Malaria vaccine RTS,S Parental perception Willingness Awareness

Background

Malaria still remains a significant public health problem in sub-Saharan Africa, including Tanzania, accounting for 10 % of the burden of disease [1]. Recently, technical innovations to control malaria have contributed to a decline in the malaria burden, but the disease remains a significant threat due to persistent enabling environments, poverty and fragile health systems [1]. Therefore, additional strategies are needed to ensure a combination of interventions that target the various phases of the malaria life cycle, including malaria vaccination [2]. Vaccines are considered cost-effective interventions to reduce and eliminate burden of infectious diseases [39].

There are on-going efforts to deliver malaria vaccines as a means to achieving elimination of malaria. Malaria vaccine RTS,S is the most advanced candidate to undergo large scale Phase III evaluation in Africa. It has been tested in eight countries with varying degrees of prevention of malaria transmission. The study sites included: Nanoro in Burkina Faso; Kintampo and Agogo in Ghana; Lambarene in Gabon; Manhica in Mozambique; Lilongwe in Malawi; Kilifi, Siaya and Kombewa in Kenya; and Bagamoyo and Korogwe in Tanzania [10]. Furthermore, phase II and III clinical trials of RTS,S showed that the vaccine reduced the episodes of malaria among young children and infants in malaria endemic areas by half [1013]. Upon completion of the clinical trials, policy makers will need to make evidence-based decision on the best ways to engage communities to facilitate introduction of malaria vaccine in the national health systems using Tanzania as a case study. The availability of RTS,S will contribute to a multi-intervention approach to controlling malaria that currently uses long-lasting insecticide-treated nets (LLITNs), insecticide-treated nets (ITNs), indoor residual spraying (IRS), and other means of disease reduction and effective drug treatment [10].

Studies on vaccine adherence interventions and acceptance of vaccines recommended use of strategies that will enhance positive community knowledge and perceptions on vaccine effectiveness [14, 15]. Effectiveness of vaccines rely on both clinical efficacy and on a community’s perceptions [8]. During vaccine promotion lack of community support due to poor knowledge and perceptions resulted into poor community uptake while others reject vaccines [16]. In such contexts aligning stakeholders is an important input as was suggested in the network analysis to examine decision-making space in Nigeria [17, 18]. Another similar experiences was the community refection of deworming programme in Ghana [19].

Whereas Tanzania shares similar social cultural and economic contexts to those countries mentioned above there is a high likelihood that new or even current vaccines can be similarly rejected and thus undermining efforts to adopt new technologies to address the high burden of disease.

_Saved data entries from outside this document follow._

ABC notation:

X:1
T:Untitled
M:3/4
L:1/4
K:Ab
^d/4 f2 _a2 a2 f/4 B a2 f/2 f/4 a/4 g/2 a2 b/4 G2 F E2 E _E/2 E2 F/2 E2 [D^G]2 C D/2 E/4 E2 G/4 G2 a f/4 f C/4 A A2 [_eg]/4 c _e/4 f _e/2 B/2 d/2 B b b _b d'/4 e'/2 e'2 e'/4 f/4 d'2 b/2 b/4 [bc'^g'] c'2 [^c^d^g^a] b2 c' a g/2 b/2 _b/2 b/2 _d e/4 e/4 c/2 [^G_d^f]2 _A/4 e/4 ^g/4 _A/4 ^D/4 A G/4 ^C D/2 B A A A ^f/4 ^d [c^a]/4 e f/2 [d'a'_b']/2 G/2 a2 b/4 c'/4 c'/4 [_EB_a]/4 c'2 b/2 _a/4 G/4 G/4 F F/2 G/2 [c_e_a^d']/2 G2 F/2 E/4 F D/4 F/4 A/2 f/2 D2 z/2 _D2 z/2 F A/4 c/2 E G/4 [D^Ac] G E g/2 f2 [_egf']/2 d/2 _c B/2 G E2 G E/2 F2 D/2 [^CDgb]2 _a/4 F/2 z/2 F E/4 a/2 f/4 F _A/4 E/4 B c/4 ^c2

Therefore, it is crucial that community awareness of and willingness to use the malaria vaccine as well as community perceptions of its likely impact are well understood and used to highlight any community-based issues that need to be considered during policy deliberation and intervention planning [20]. The policy recommendations for introducing malaria vaccine RTS,S would be implemented in countries through the World Health Organization’s Immunization, Vaccines and Biologicals (IVB) (formerly the Expanded Programme on Immunization—EPI) [21]. Based on this, the case study was initiated with the following objective: to describe and analyse the Tanzanian population’s awareness and willingness to use malaria vaccines and to provide policymakers with evidence-based information on the best strategies to engage communities to manage the introduction of new vaccine and in this case malaria vaccine in Tanzania.

Methods

Study design and setting

The study was part of a large cross-sectional study covering all 23 regions of both Tanzania mainland and Zanzibar whose aim was to evaluate the success of Tanzanian Integrated Measles Campaign conducted during November 2011.

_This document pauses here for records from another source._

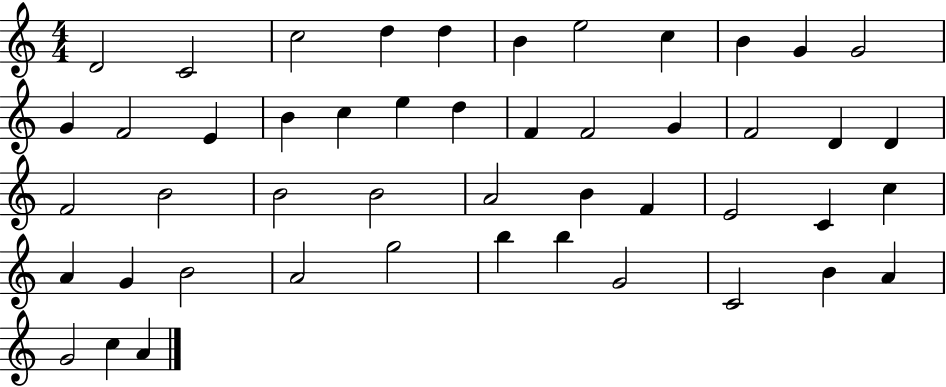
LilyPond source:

{
  \clef treble
  \numericTimeSignature
  \time 4/4
  \key c \major
  d'2 c'2 | c''2 d''4 d''4 | b'4 e''2 c''4 | b'4 g'4 g'2 | \break g'4 f'2 e'4 | b'4 c''4 e''4 d''4 | f'4 f'2 g'4 | f'2 d'4 d'4 | \break f'2 b'2 | b'2 b'2 | a'2 b'4 f'4 | e'2 c'4 c''4 | \break a'4 g'4 b'2 | a'2 g''2 | b''4 b''4 g'2 | c'2 b'4 a'4 | \break g'2 c''4 a'4 | \bar "|."
}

Study sample size and sampling procedure

It was anticipated that the overall EPI coverage in the surveyed regions was estimated to be 85 % (the desired precision is ±5 % with 95 % confidence). Thirty clusters were sampled [22], and 9 women with children 0–11 months old per cluster were identified. A total of 6210 women with children 0–11 months old were recruited. For the purpose of this analysis, only 5502 women met the eligibility criteria and were included in the final analysis (n = 5502). The sampling procedure was based on 30-by-9 method and simple random sampling applied. The 30-by-9 method was a two-stage cluster sample. In the first stage, 30 clusters (corresponding to enumeration areas—EAs) were sampled by a probability proportion to size (PPS) strategy using the CSurvey software. In the second stage of sampling, nine eligible women with children 0–11 months old were selected within each EA.

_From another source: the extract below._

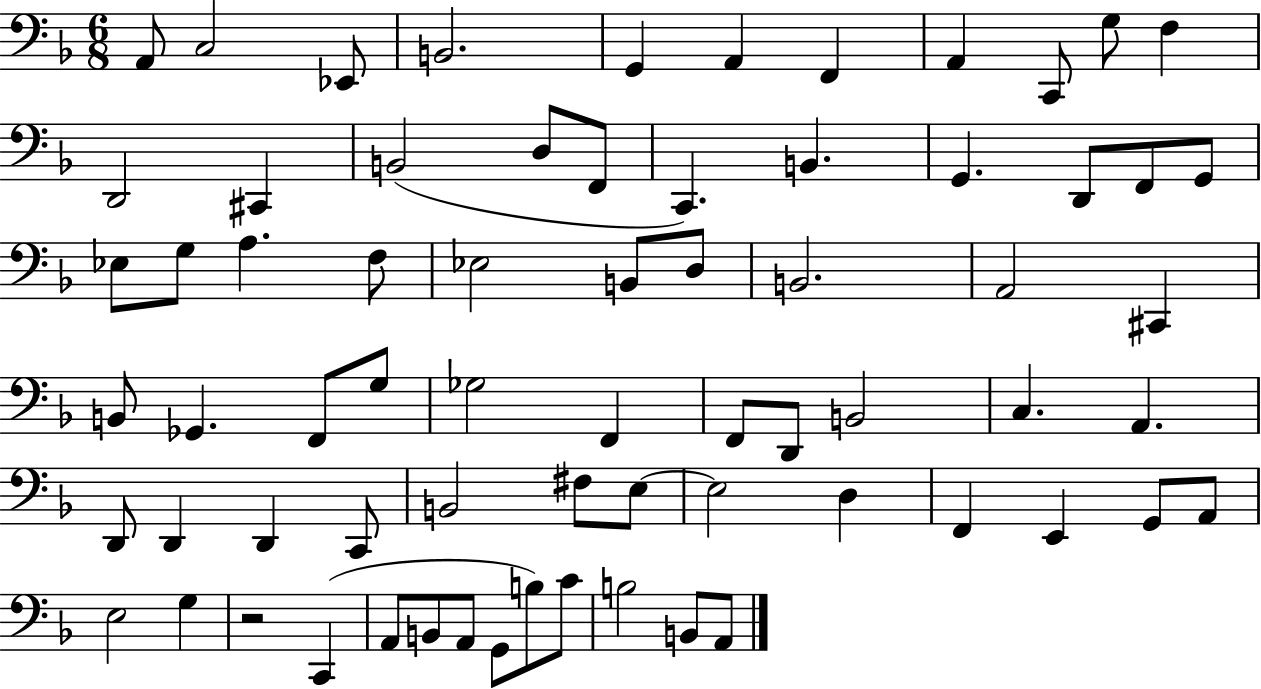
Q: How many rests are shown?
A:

Not all of the first nine households visited had an eligible child; therefore, more than nine households may have been visited. Similarly, fewer than nine households may have been selected if there was more than one eligible child per household. A sample of 30 enumeration clusters (villages) per region was surveyed; the minimum sample size was 270 mothers in each region. In each region, 30 clusters were visited and in each cluster, nine mothers with a child aged 0–11 months old were randomly selected and visited.

The following steps were followed:
  • Within the regions, 30 EAs were selected using the PPS strategy.

  • In each EA, nine eligible children were selected from households as follows:

  • Go to the “centre” of the EA.

  • Throw a pen to choose a random direction.

  • Walk in that direction to identify the first household.

  • Visit the first selected household and start to recruit the eligible children.

  • After the first household visited, data collector moved to the “next household”, which was defined as the one whose front door was the closest to the just one visited.

  • This process was continued until all nine eligible children were found/reached.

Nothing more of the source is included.